You have the following input data:

Customer name:string Payments:double
Bob 34.87
David 23.56
Bob 23.56
Lucy 235.87
David 12.45
Lucy 1.45
Bob 12.56
Lucy 300.00

Using a Transform (Deprecated) node and the groupMax() macro, enter the following in the Script property:

_maxPayment= groupMax('Payments')

emit 'Customer name','Payments', _maxPayment

The following data is output:

Customer name:string Payments:double _maxPayment:double
Bob 34.87 34.87
David 23.56 34.87
Bob 23.56 34.87
Lucy 235.87 235.87
David 12.45 235.87
Lucy 1.45 235.87
Bob 12.56 235.87
Lucy 300.00 300.00

In this example, the groupMax() values are listed in the '_maxPayment' column. As the records are processed, each new value is compared to the first value. If the value is less than the first value, there is no change and the first value is still used. When a value that is higher than the first value is encountered, the higher value is listed.

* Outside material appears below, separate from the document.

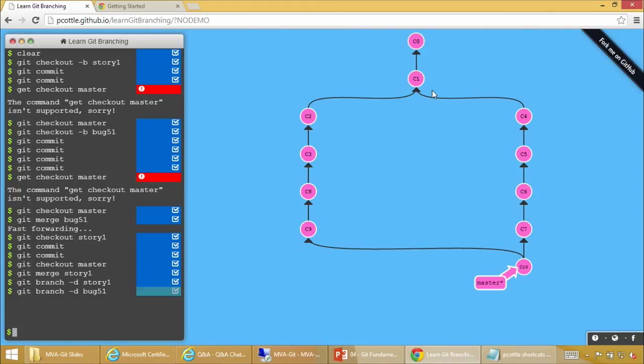`git checkout master`, then `git merge story-1` — boom! There's our merge commit C10. Story-1 — don't need it anymore. Bug-51 — don't need it anymore. `git branch -d story-1` and `git branch -d bug-51`. We're back to a clean state with just master. These branches were created locally — when we push to the server, no one sees those branches were created, but they will see the paths in the commit history.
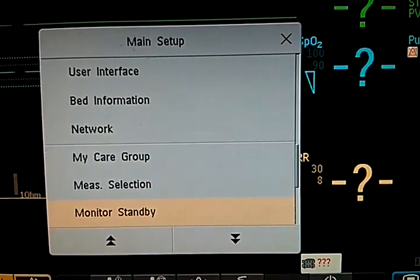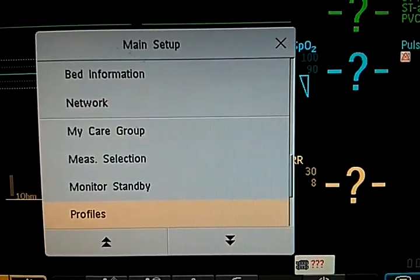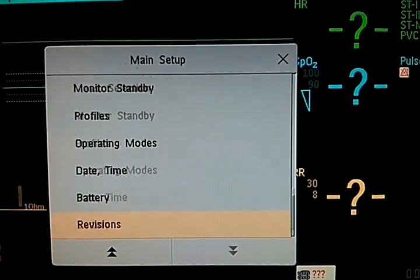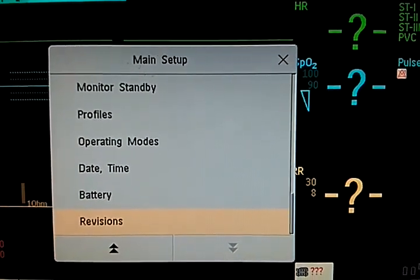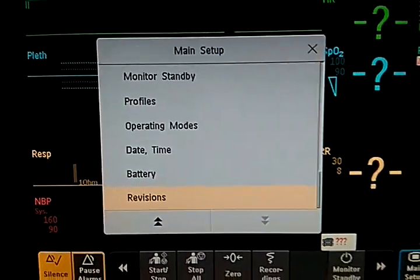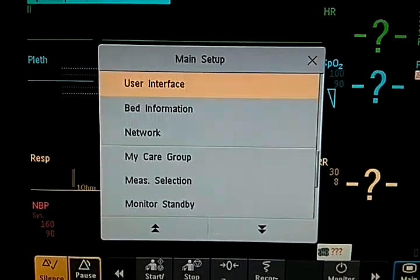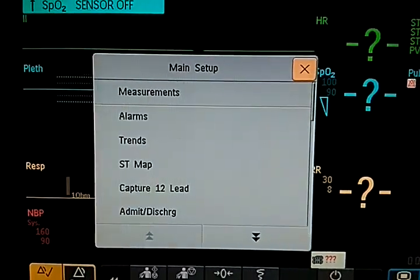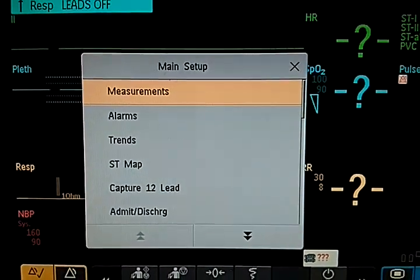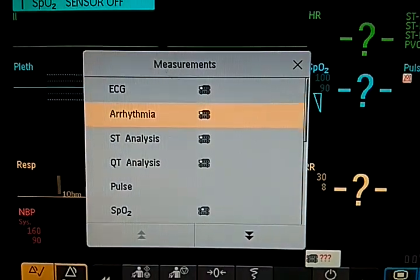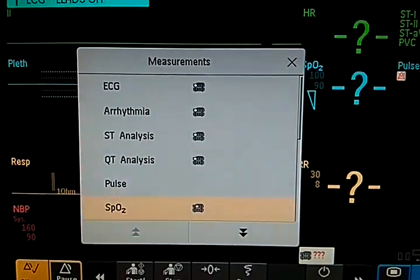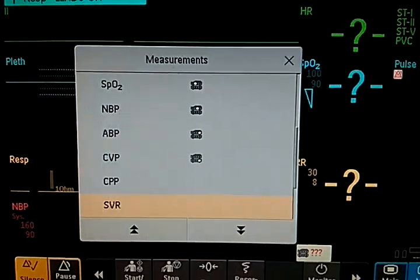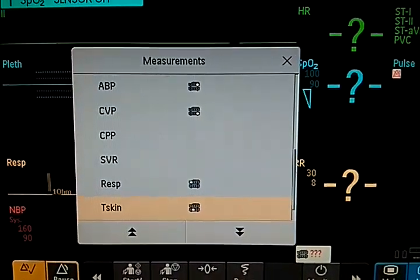So in measurements, what it can measure: it's ECG, arrhythmia, ST analysis, QT analysis, pulse, SpO2, NBP, ABP, CBP, CPP, SVR, respiration, temperature, skin temperature.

Specifying an initial value

You have the following input data:

rand: int
7138
15790
27959
17809
16901
3465
22852
11228
26567
30176
12345

In a Transform (Deprecated) node, you specify the following in the Script property:

maxrand = groupMax(rand, 10000) emit maxrand

The output would be:

maxrand: int
10000
15790
27959
27959
27959
27959
27959
27959
27959
30176
30176

With the same input data, if you did not specify an initial value in the Script property, the output would instead be as follows:

maxrand: int
7138
15790
27959
27959
27959
27959
27959
27959
27959
30176
30176

groupString()

Generally, the groupString() macro is used with the Transform (Deprecated) or Agg Ex (Deprecated) nodes. It is used to concatenate the values from a given field, and must be used with string data. The value from the first row of data is added to the second row, then the two second row values are added to the third row, and so on. Optionally, you can specify an accumulator variable to define when to reset the accumulation. This macro may be useful if you want to reduce the number of rows across which the string data is spread.

This macro should be used in the following format:

groupString( value [, separator[, accumulatorVariable]])

Where:

  • value must be a string data type, and is commonly an input field name.
  • separator is an optional string value that indicates the character to use to separate each of the concatenated strings, for example, a comma.
  • accumulatorVariable is the name of the variable used to store interim results.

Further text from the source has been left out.